I printed a figurine of Nocturnal (pictured below) out of three colors (matte black, shiny black, support filament), which my standard Crealilty-type printer couldn’t even think about doing.  I had it stop at night and resume printing in the morning (no problem for this printer) so it completed 4 days later and was perfect… but I had a pile of waste larger than the figurine itself!  It stands to reason, in that it automatically determines where to put what drop (or stripe) of color with zero bleed between them so a white and black object will have no gray, and regardless of what the filament details are you won’t get clogs mid-print because it does such a good job of cleaning, but oh man you will get waste.

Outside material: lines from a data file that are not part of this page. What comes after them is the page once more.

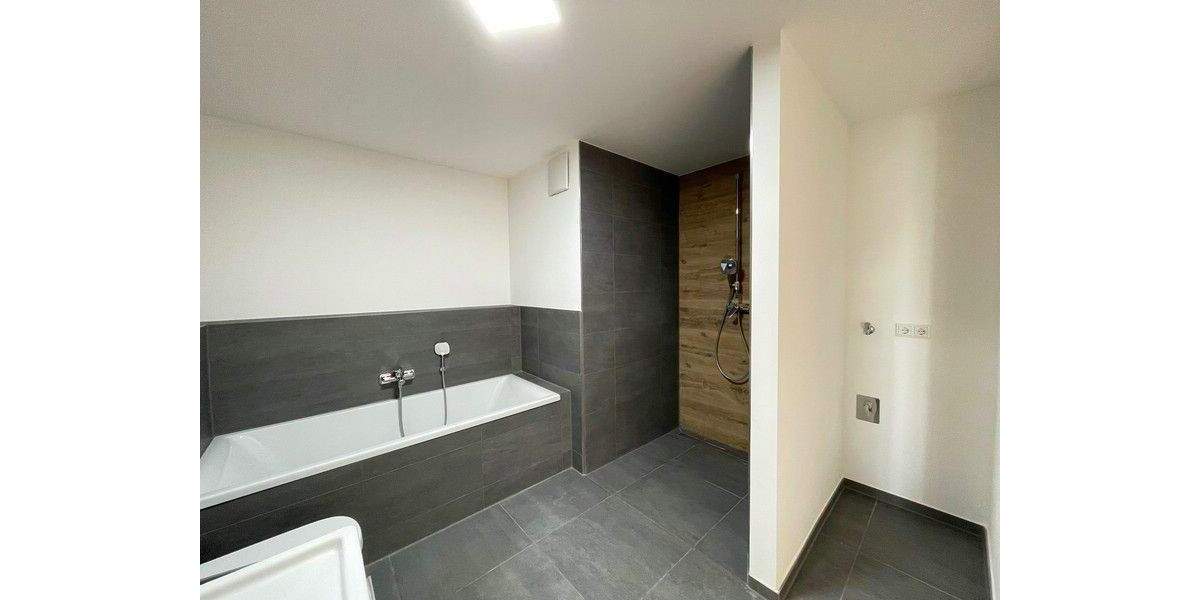 Etagenwohnung Fürth Südstadt - 2 Zimmer, 77 m&sup2;, 1.075&euro; | Angebot:25779742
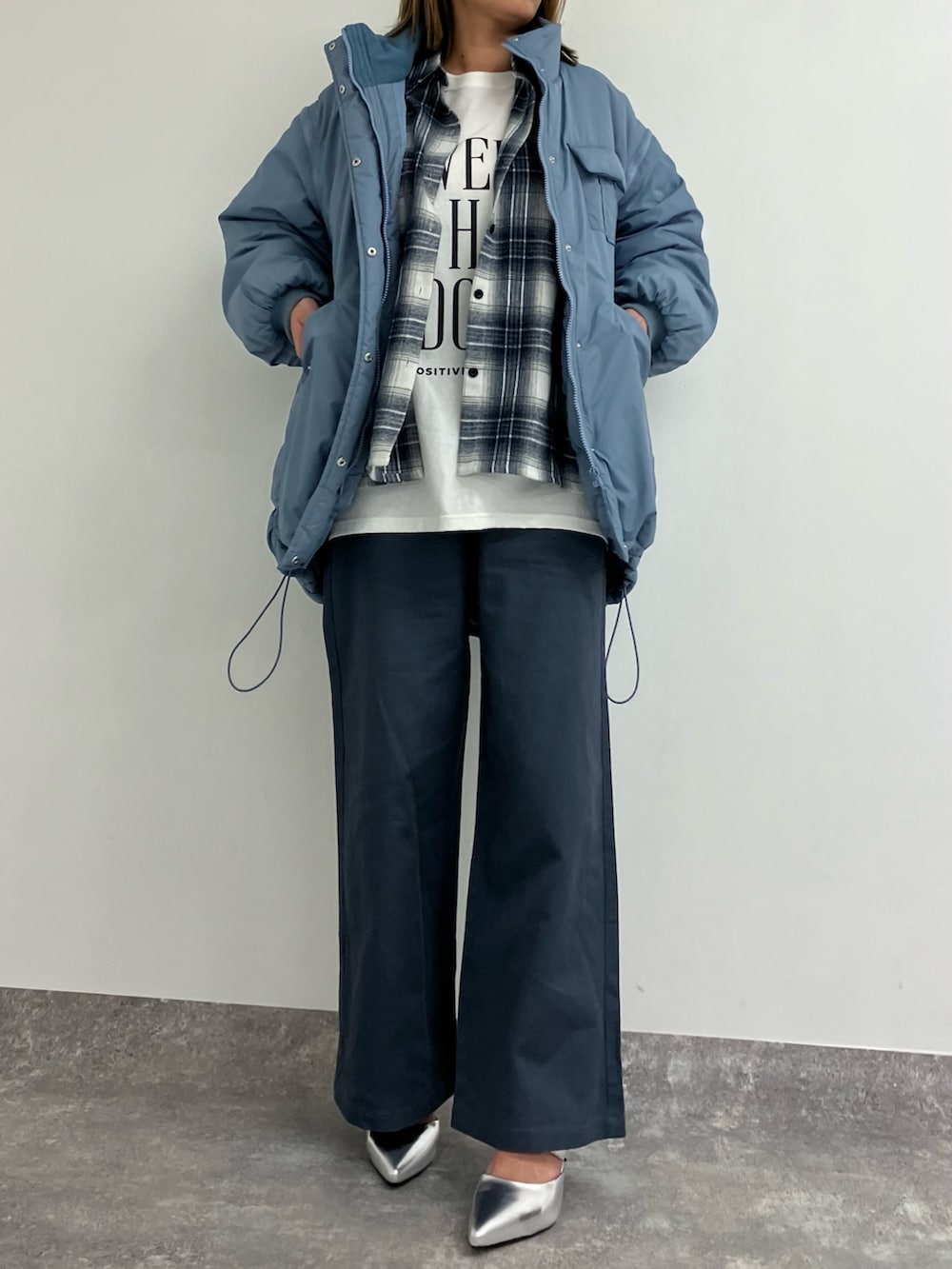 「モンスターコート、チェックシャツ、ロンT、ストレートパンツ、パンプス、ワントーンコーデ、大人カジュアル、大人コーデ、大人女子、シルバーシューズ、冬アウター、春コーデ、ANAP、カジュアルコーデ、着回しコーデ」｜「ANAPの2WAYエコクラウド中綿モンスターコート（ダウンジャケット/コート、ブルー系）」を使った、Airiさん（レディース・163cm）の冬コーディネートの2枚目の写真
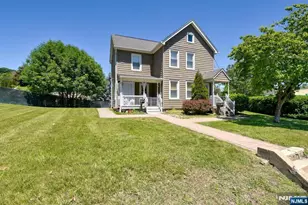 138 Hamburg Turnpike, Bloomingdale, NJ 07403 - Photo 2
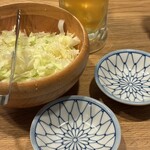 ニュー大衆居酒屋 三ぞう - お通しキャベツ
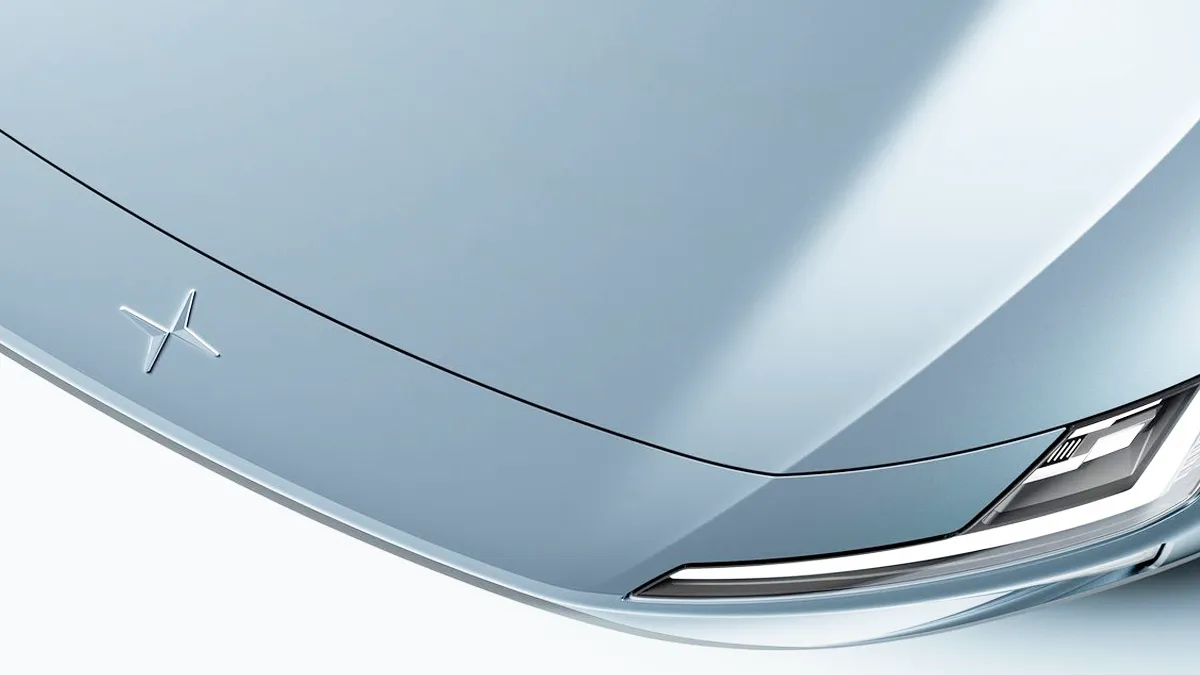 폴스타 4 / 폴스타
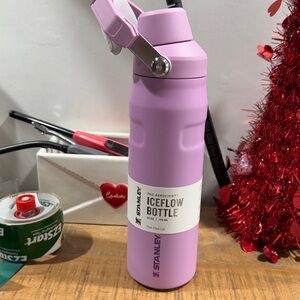 24oz lilac color Stanley iceflow bottle with Fast flow lid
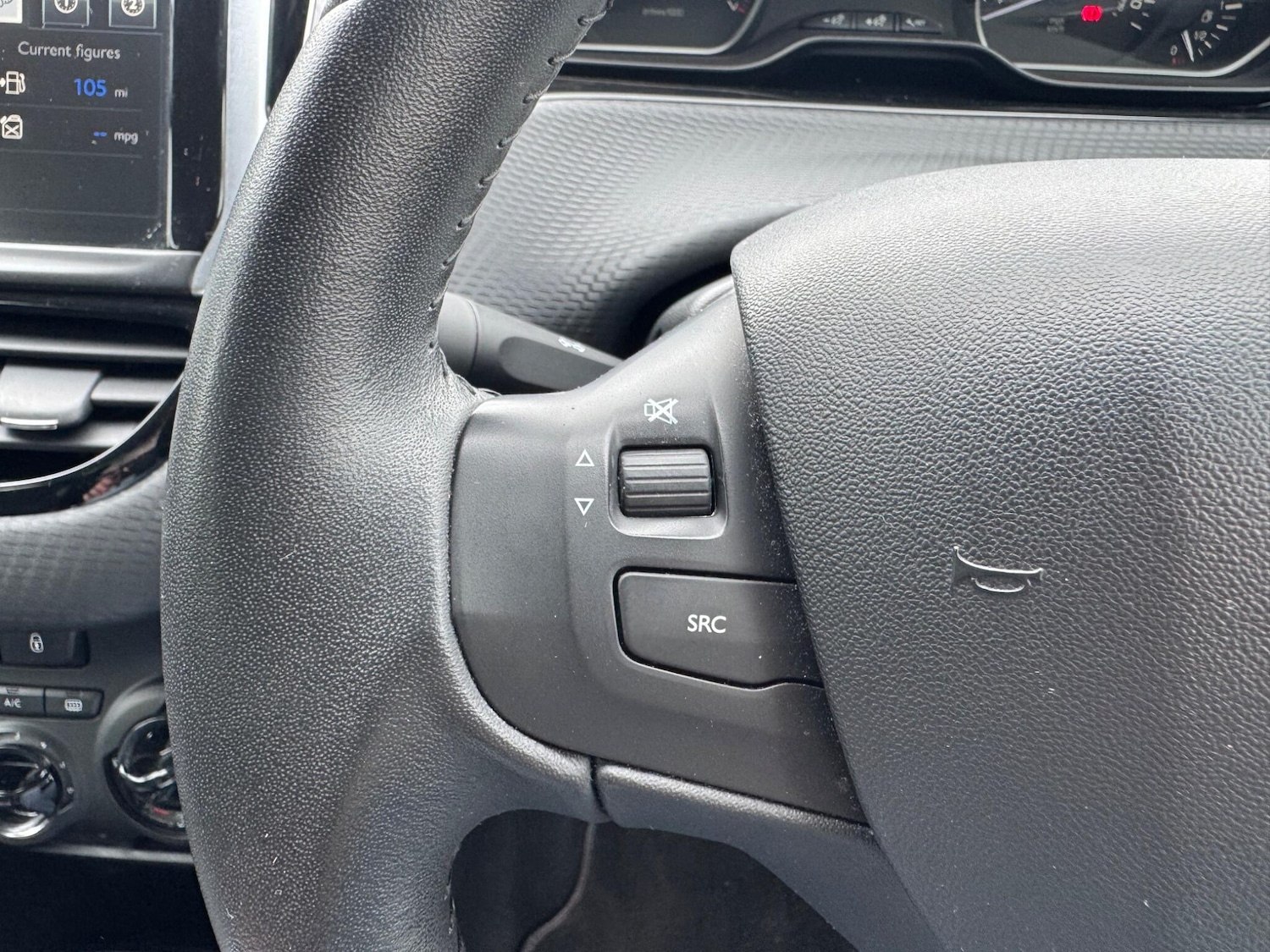 Used Peugeot 208 for sale - 76993617: Photo 25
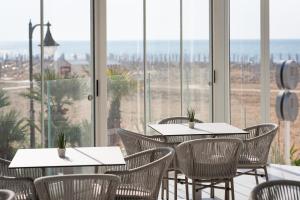 Vue générale sur la mer ou vue sur la mer prise depuis l'hôtel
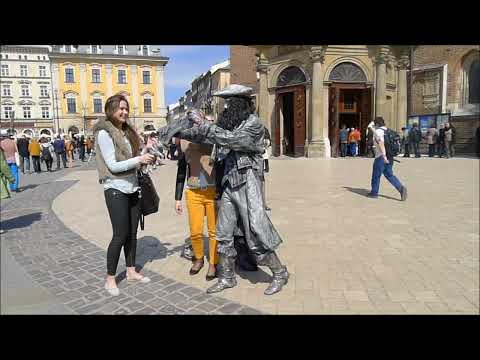 Artysta uliczny - mim bawi, rozśmiesza turystów w Krakowie na Rynku Głównym 2013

It has a waste chute in the back – otherwise known in community as the “poop chute”, and it does “poop” a great deal. The Spider Man video above surely generated a small trashcan of filament waste and you can see how much the figurine pictured below generated:

 

 

Still, if I had to choose between reliability and sparing every inch of filament I’d choose reliability since this device will print for a full week straight without skipping a beat. 

Can you imagine this failing 3 days into the print?

I’ll pay a “poop tax” for that.

Conclusion

There are reviews all over the Internet as people pontificate over their own experiences and think that everyone needs to know about their experiences with their purchase… how sick are we of hearing what other people think?

I write this article not because my perspective and experiences have inherent value, but because the world should know 3D printing is no longer what it was.  The advent of this technology has already had a resounding affect to the 3D printing community to the point that “greybeards” in 3D printing are frustrated that people brand new to printing can bust out an object better than they can several times faster yet have absolutely no concept how their 3D printer can do what it does. They feel they haven’t paid their “experience tax” and are too “n00b” to even ask questions on forums about their printer.  Seriously, people are getting angry about it.

These experienced 3D professionals are getting angry because all the work they had to do – hours and hours and days and days of bullshit work, figuring things out and crafting custom solutions – is no longer necessary.  My 80 year old mother can print a new planter for her plants, no big deal, no support, no problem, and the planter will look better than anything these “greybeard” pros can produce.

That’s worth blogging about.

To quote another 3D printing professional, “Where has this thing been all my life?”